Welche dieser Firmen hat hier den wirklichen Firmensitz? Über 20 Briefkastenfirmen in einem leeren Einfamilienhaus in Hitdorf. (Archivbild)

Laut Landesfinanzministerium NRW ist die Stadt Leverkusen für die Prüfung von Briefkastenfirmen verantwortlich

Das Finanzministerium Nordrhein-Westfalen widerspricht der Stadt Leverkusen und stellt klar: Die Stadtverwaltung ist sehr wohl verantwortlich und muss prüfen, ob eine Gewerbeanmeldung einen realen Hintergrund hat. Oder ob sich nur die nächste Firma wegen der günstigen Gewerbesteuer an einer Briefkastenadresse in Leverkusen anmeldet. Das ergab eine Anfrage des „Leverkusener Anzeigers“ im Finanzministerium des Landes NRW. Hintergrund: Die Stadt Leverkusen hatte sich anlässlich einer kritischen Nachfrage der Leverkusener Grünen herausgeredet: „Es obliegt der Finanzverwaltung im Rahmen von Betriebsprüfungen, Verstöße gegen das geltende Steuerrecht festzustellen und zu ahnden.“

Das Ministerium sieht dagegen neben den Finanzämtern auch die Stadt klar in der Pflicht: Sie sei „Steuergläubigerin“ und habe sowohl bei der Gewerbeanmeldung als auch danach die Verantwortung, ihre eigene Berechtigung zur Festsetzung und Erhebung der Gewerbesteuer für ein Unternehmen eigenständig zu prüfen.

Die Stadt Leverkusen genehmigt die Ansiedlung, ist also verantwortlich

Die Stadt Leverkusen genehmige schließlich Gewerbeansiedlungen.
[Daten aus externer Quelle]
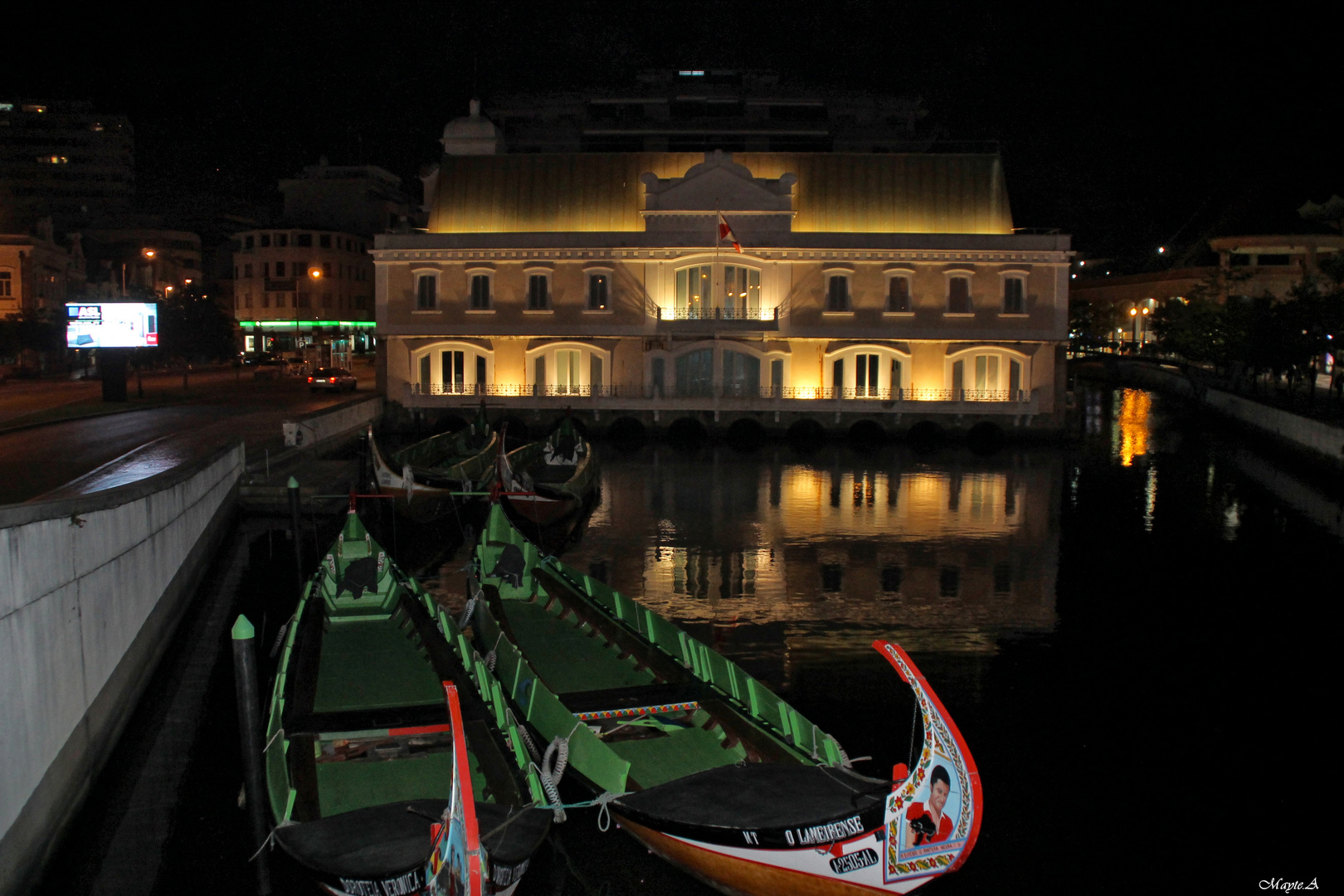 Aveiro y sus Gondolas....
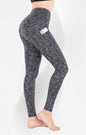 Legging calça p/ yoga com bolsos cintura alta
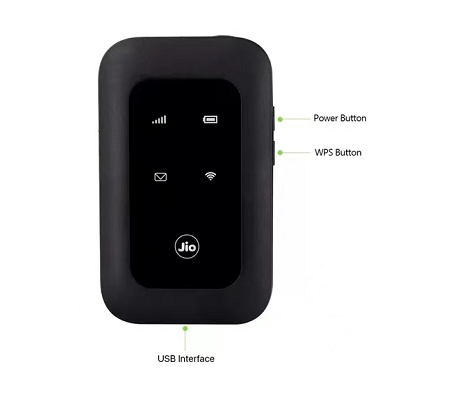 JIO JMR 591 Long Range Black Hotspot 150Mbps Easy to Take Wireless LTE Modem 4G WiFi Router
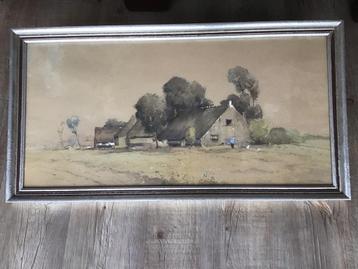 J. van. de. Venne .Aquarel bij Zeist.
Und damit legt sie auch den Ort fest, in dem die Gewerbesteuer bezahlt werden muss. Das Unternehmen, das sich ansiedeln will, bekomme von der Stadt einen Bescheid, in dem steht, welche Gemeinde zur Erhebung der Gewerbesteuer berechtigt sei. In der Regel ist das die Stadt Leverkusen selbst. Das Finanzamt ermittelt die Höhe der Gewerbesteuer und teilt die Höhe der Stadt mit, die diesen Grundbetrag mit ihrem niedrigen oder hohen Gewerbesteuer-Hebesatz (Leverkusen: 250 Prozent) anhebt und einzieht.

Diese „Hebeberechtigung“, also die Lizenz zum Steuereinnehmen, sei von der Stadt beim Erlass des Gewerbesteuerbescheides zu prüfen. Die Finanzverwaltung unterstütze Kommunen dabei, tatsächliche Betriebsstandorte zu überprüfen, schreibt das Finanzministerium.

Die Entwicklung läuft fast zwangsläufig: Sobald eine Stadt ihren Gewerbesteuerhebesatz senkt, siedeln sich Firmen an. Auch sogenannte Briefkastenfirmen, die ihren Firmensitz lediglich pro forma in eine Stadt mit günstiger Gewerbesteuer verlegen. Das ist so auch in Leverkusen geschehen, nachdem die Stadt den Satz 2020 auf günstige 250 Prozentpunkte gesenkt hat.

Gewerbean- und -abmeldungen (ohne Automatenaufsteller) Quelle: IT.NRW

Gewerbean- und -abmeldungen (ohne Automatenaufsteller) Quelle: IT.NRW

Über das Gewerbesteuer-Dumping der Nachbargemeinden Monheim (250 Prozent) und Langenfeld (299) war Leverkusen so lange nicht glücklich, bis man sich selbst auf den niedrigsten Satz festlegte. Danach, so eine unbestätigte Information, soll Bayer seine Patentabteilung aus Monheim zurück nach Leverkusen geholt haben. Die Zahl der gemeldeten Gewerbe in Leverkusen ist deutlich gestiegen, seit über die Senkung gesprochen wird, das zeigt die Statistik. 2023 gab es in Leverkusen 2 765 Anmeldungen, im Vergleich dazu wirken 1 337 im Jahr 2016 doch sehr mager.

Grundsätzlich ist also auch die Stadt verantwortlich. Unklar sind die möglichen Folgen für die Angestellten, die womöglich wissentlich massenweise falsche Gewerbesteueranmeldungen akzeptieren. Die Unternehmen, die bezüglich ihres echten Firmensitzes falsche Angaben machen, könnten sich, abgesehen vom Steuervergehen, auch eines Meldevergehens schuldig machen, sagt ein Leverkusener Steuerberater.